Coronavirus: From R to lifting lockdown

Roger Highfield, Science Director, on why the fate of the nation rests on R, the ‘reproduction number’, and a novel ‘stringency index’ that compares the pandemic responses of 160 nations.

The pandemic response of the nation rests on a seemingly simple number: R is the cornerstone of the Government’s lockdown policies.‘Driving down the R is, of course, our collective endeavour and the better we can do it locally, nationally, and across the country, the faster we will be out of it,’ said the Prime Minister, at a UK coronavirus briefing.
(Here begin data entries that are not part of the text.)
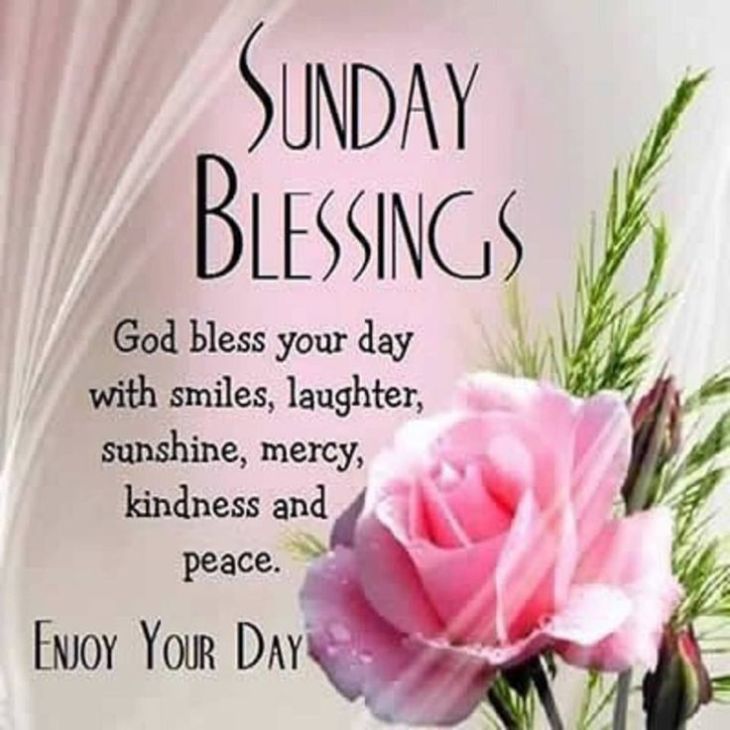 e3d89ac542af5c0fff31e0dbb8f7a49e--happy-sunday-quotes-weekend-quotes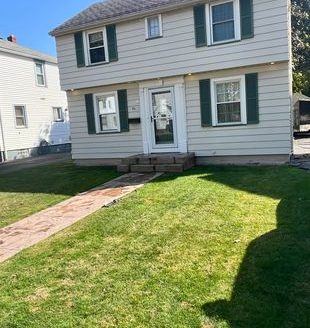2-Bedroom Single Family Home for Rent in Rochester, NY 14620 – $2300/mo | 2 Baths | Updated 2025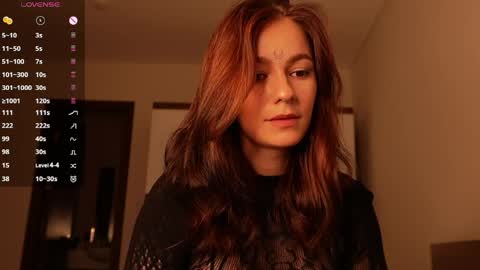 Tris online show from 04/02/26, 01:47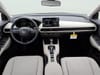 7 thumbnail image of  2026 Honda HR-V LX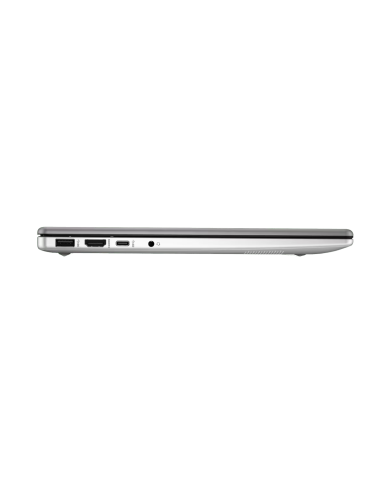 Notebook HP 240R G10 Intel Core 5-120U, 16GB Ram,512GB SSD, W11P 14"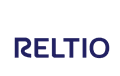 reltio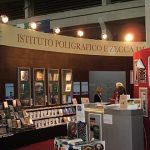 istituto poligrafico zecca stato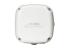 Точка доступа HPE Aruba AP-565 (R4W43A)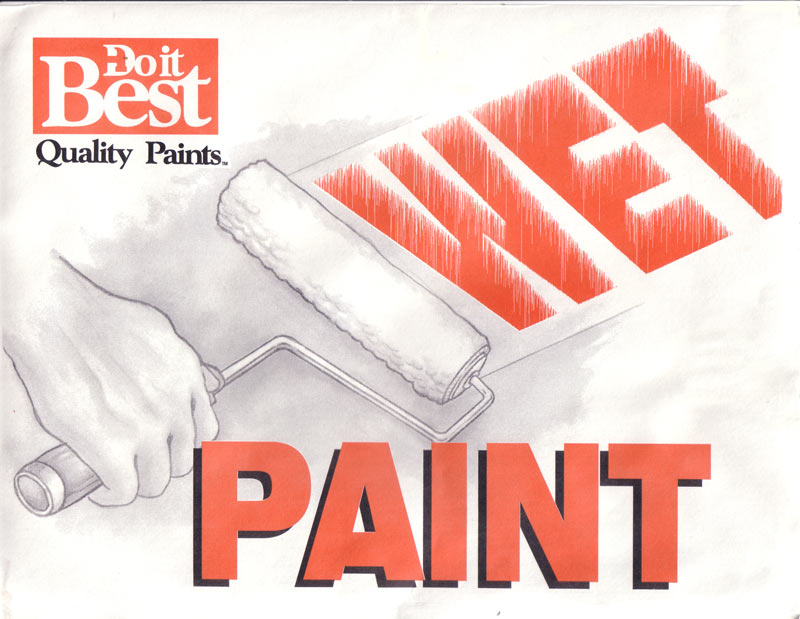 wet-paint-sign-a-800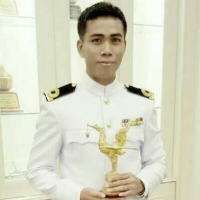 นักแปลวัฒน์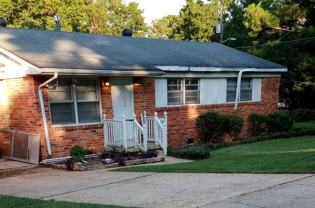 3359 Bedford Ln - Photo 1 of 1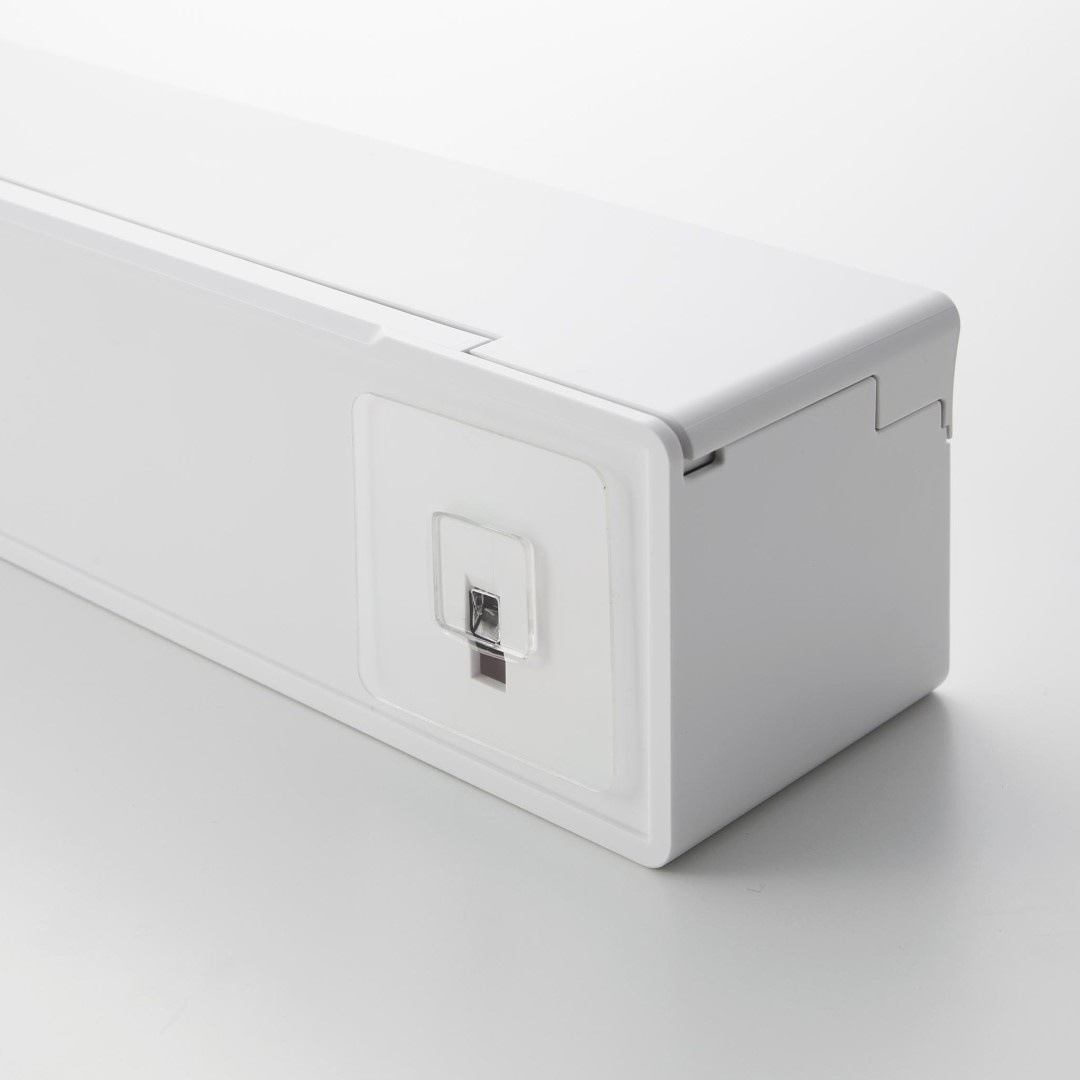 ��tower�� �ե����եå��ޤ��ĥ����ȥ�����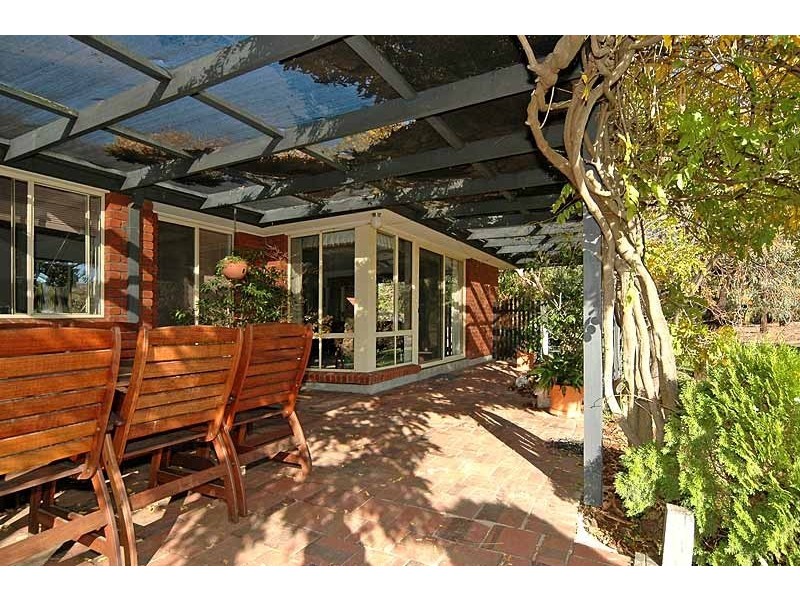 9 Kennion Court, Wynn Vale SA 5127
With Swapnil Mishra of Imperial College London, a leading author on multiple COVID-19 modelling reports, I delve into the nuanced world of R. His edited answers are in italics to distinguish them from my questions and commentary.

if r is more than one, the epidemic is out of control?

That’s right. R, the reproduction number, is a measure of transmission, that is the rate of increase or decrease in the rate of COVID-19 infection. Above one, the spread of COVID-19 is going to accelerate. Under one, the pandemic will decelerate.

But the value of R is volatile and depends what the Government does and how society behaves – even if the Government ended lockdown tomorrow, society would not behave as it did before, from wearing masks to avoiding crowded trains.

Though we can try to model these changes in behaviour, no-one really knows how human behaviour will change, so predicting R is difficult.

what is the uk’s r number?

R is between 0.7 and 1.0, based on estimates from various academic groups, summarised on 15 May by the Scientific Pandemic Influenza Group on Modelling, a sub-group of the Scientific Advisory Group for Emergencies (SAGE).

SAGE is confident that, overall, R is not above 1, so the number of infections is very likely decreasing.

However, R should always be considered alongside the number of people who are infected. A value of 1.0 is more troubling when 100,000 people are infected compared with 100 infected people.

Importantly, the R value gives a snapshot of what was happening in the community two or three weeks ago, for reasons explained below.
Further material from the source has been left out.